◆ WORK TO BE COMPLETED
Note how many lines in the material have "media", and give only that figure.

(AVAILABLE DATA begins)

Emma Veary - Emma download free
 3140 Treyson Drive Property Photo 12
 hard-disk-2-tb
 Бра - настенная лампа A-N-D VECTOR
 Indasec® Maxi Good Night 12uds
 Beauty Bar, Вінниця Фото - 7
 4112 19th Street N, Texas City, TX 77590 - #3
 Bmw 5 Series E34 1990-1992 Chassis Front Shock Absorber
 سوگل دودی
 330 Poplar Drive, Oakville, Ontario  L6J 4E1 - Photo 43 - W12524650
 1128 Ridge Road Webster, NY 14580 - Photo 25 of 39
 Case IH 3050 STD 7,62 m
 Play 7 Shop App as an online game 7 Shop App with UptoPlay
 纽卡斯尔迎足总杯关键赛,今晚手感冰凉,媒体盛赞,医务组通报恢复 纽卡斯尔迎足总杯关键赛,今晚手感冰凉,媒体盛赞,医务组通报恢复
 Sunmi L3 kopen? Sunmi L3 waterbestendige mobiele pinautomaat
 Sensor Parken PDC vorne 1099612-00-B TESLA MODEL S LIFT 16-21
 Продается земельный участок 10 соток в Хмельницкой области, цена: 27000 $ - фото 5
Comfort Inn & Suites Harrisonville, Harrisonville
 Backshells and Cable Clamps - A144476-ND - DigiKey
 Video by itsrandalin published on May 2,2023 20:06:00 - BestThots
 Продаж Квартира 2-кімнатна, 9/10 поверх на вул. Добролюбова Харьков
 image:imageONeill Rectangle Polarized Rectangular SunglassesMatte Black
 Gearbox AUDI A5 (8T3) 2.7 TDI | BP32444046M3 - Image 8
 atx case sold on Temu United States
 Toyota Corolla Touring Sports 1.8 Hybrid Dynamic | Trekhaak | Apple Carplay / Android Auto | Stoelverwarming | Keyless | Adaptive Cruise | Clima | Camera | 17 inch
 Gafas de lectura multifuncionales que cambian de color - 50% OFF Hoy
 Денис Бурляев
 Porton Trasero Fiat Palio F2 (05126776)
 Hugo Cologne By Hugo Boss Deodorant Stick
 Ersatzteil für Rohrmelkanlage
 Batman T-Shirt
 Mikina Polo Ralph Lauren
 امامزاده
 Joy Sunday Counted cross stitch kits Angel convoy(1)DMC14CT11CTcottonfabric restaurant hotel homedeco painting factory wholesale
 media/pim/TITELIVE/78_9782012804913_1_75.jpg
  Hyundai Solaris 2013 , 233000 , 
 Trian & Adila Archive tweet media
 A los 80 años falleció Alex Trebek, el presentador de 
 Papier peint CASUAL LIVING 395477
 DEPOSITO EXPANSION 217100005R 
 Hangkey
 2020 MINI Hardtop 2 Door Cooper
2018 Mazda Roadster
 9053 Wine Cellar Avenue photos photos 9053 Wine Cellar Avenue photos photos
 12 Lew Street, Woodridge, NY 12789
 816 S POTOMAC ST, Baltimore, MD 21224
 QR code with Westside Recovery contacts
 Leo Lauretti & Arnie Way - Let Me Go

(AVAILABLE DATA ends)

◆ TASK RESPONSE
2